Assigned task: Print, in exact form, the lines below from the one containing "Jersey Pico" through the one containing "QR code with Charles T Wallack Dpm contacts", and omit all others.

(Short text fragments from websites)
....

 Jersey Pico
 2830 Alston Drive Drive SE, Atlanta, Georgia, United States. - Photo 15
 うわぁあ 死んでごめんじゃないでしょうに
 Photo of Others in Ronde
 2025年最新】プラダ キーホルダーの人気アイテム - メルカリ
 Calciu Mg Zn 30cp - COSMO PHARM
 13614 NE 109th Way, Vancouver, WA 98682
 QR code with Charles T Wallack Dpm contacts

....

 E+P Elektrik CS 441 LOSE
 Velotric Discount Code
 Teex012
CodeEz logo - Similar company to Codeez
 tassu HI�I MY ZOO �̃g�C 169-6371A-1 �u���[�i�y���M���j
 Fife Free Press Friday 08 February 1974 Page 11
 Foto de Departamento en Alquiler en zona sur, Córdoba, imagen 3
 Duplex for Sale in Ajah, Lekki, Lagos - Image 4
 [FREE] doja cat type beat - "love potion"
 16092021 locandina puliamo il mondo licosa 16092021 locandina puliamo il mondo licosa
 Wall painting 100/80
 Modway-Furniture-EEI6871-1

....

Exercise solution:
 Jersey Pico
 2830 Alston Drive Drive SE, Atlanta, Georgia, United States. - Photo 15
 うわぁあ 死んでごめんじゃないでしょうに
 Photo of Others in Ronde
 2025年最新】プラダ キーホルダーの人気アイテム - メルカリ
 Calciu Mg Zn 30cp - COSMO PHARM
 13614 NE 109th Way, Vancouver, WA 98682
 QR code with Charles T Wallack Dpm contacts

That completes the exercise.